In the Old West, barbed wire was used mostly to divide people and places, but in the mid-1880s, some ingenious farmers found a way for it to connect people, too.
At the time, the telephone was a new invention, and telephone companies weren't about to set up lines just to appease a few spread-out farmers west of the Mississippi River. But barbed wire was also a new and a relatively common sight out west, dividing homestead from homestead. All it took was some creative thinking by farm folk to connect to their neighbors via those very same wires, with another wire snaking into a home and a telephone to hook it to.

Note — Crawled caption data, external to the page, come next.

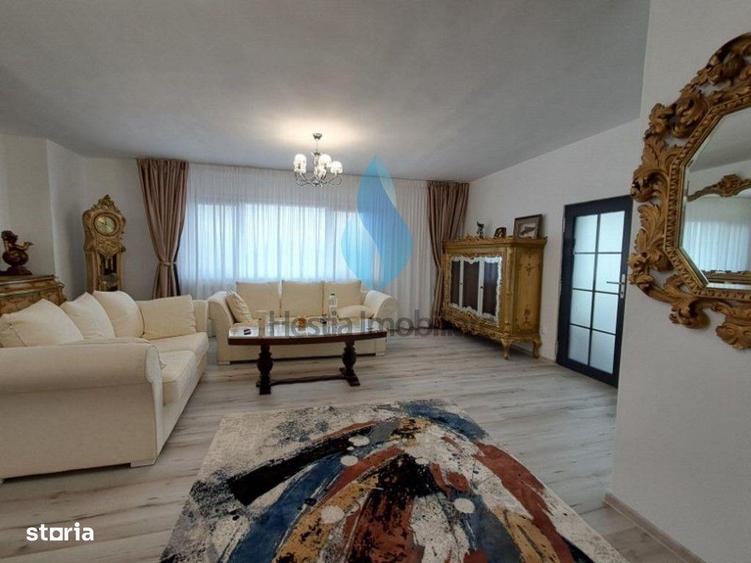Casă cu 8 camere cu Canalizare în Viticultori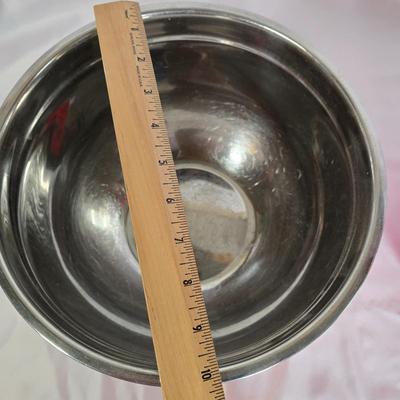 LOT 112G: Deviled Egg Platter, Stainless Steel Mixing bowl, Cast Iron Trivet and Apple Decor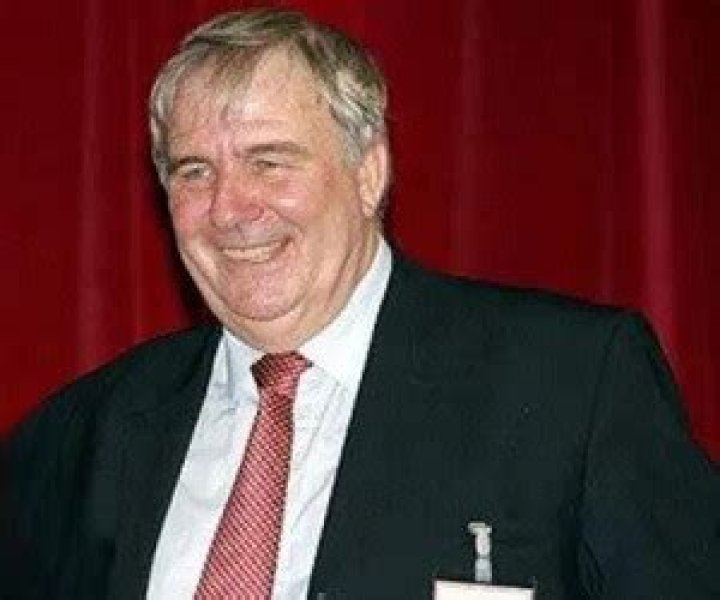 Charlbi Dean Height, Weight, Net Worth, Age, Birthday, Wikipedia, Who, Nationality, Biography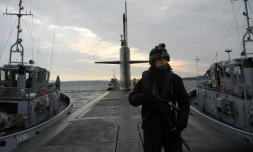 Pour les 110 membres d'équipage du sous-marin nucléaire lanceur d'engins (SNLE) Le Vigilant, pris en photo ici en octobre 2016, la vie à bord commence quand la longue silhouette du cétacé noir quitte son port d'attache de l'Ile Longue, dans la rade de Brest.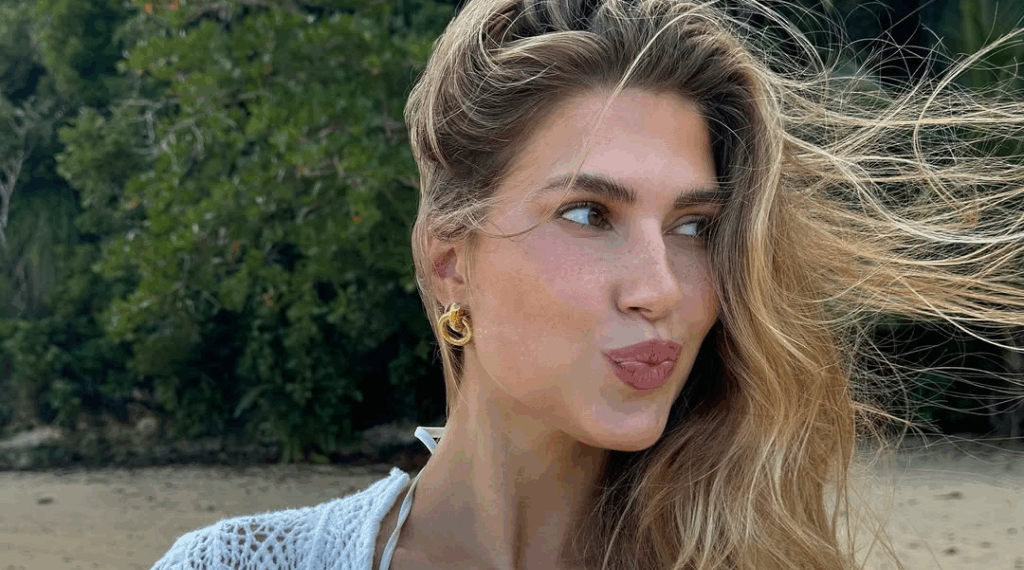 Kara in pikante bikini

"Ranchers and farm men built many of the early systems as private lines to hook up the neighbors,” wrote historian Ronald R. Kline. Not only did the makeshift lines provide isolated families with a way to communicate with their neighbors, but it also gave them faster access to emergency services. "Wherever these country telephones have been introduced, and they may appear extremely primitive, they are regarded as an indispensable convenience,” Richard F. Steele wrote in An Illustrated History of the Big Bend Country.
A nice ring to it:
- There were about 2 million pay phones in America in the 1990s. Today, while they still exist, their numbers have dropped to around 100,000.
- Telephone inventor Alexander Graham Bell wanted people to say "Ahoy" when answering a phone; luckily, Thomas Edison convinced him that "Hello" was better.
- The first phonebook came out two years after the telephone, in 1878; it was 20 pages long.